One piece that isn't clear to me is how do you plan to instantiate and
program this table. Is it a new static bpf map that is created any time we see
the redirect command? I think this would be preferred.

> 
>> I'm not worried about the DROP case, I agree that is fine (as you also
>> say).  The problem is unintentionally sending a packet to a wrong
>> ifindex.  This is clearly an eBPF program error, BUT with XDP this
>> becomes a very hard to debug program error.  With TC-redirect/cls_bpf
>> we can tcpdump the packets, with XDP there is no visibility into this
>> happening (the NSA is going to love this "feature").  Maybe we could add
>> yet-another tracepoint to allow debugging this.  My proposal that we
>> simply remove the possibility for such program errors, by as you say
>> move the validation from run-time into static insertion-time, via a
>> port table.
> 
> I think lack of tcpdump-like debugging in xdp is a separate issue.
> As I was saying in the other thread we have trivial 'xdpdump' kern+user
> app that emits pcap file, but it's too specific to how we use
> tail_calls+prog_array in our xdp setup.
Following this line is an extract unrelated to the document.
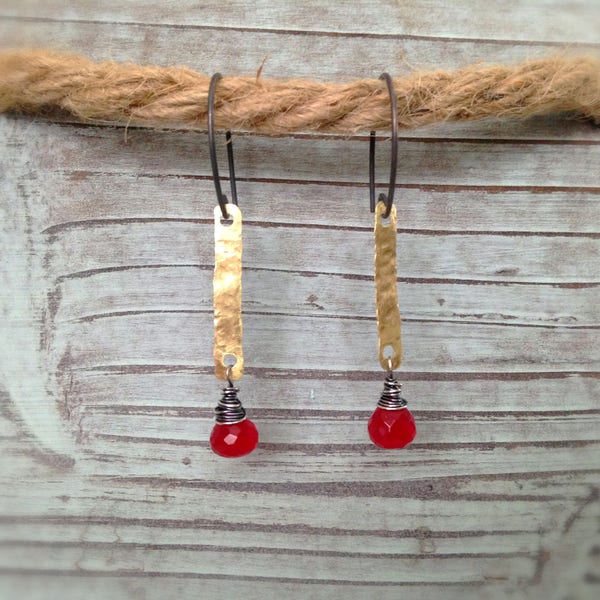 Ruby Red Drops ~ Textured Brass & Ruby Red Quartz Drop Earrings ~ Oxidized Sterling Silver ~ Wire-Wrapped Earrings ~ Lightweight Earrings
I'm working on the program
> chaining that will be generic and allow us transparently add multiple
> xdp or tc progs to the same attachment point and will allow us to
> do 'xdpdump' at any point of this pipeline, so debugging of what
> happened to the packet will be easier and done in the same way
> for both tc and xdp.
> btw in our experience working with both tc and xdp the tc+bpf was
> actually harder to use and more bug prone.
> 

Nice, the tcpdump-like debugging looks interesting.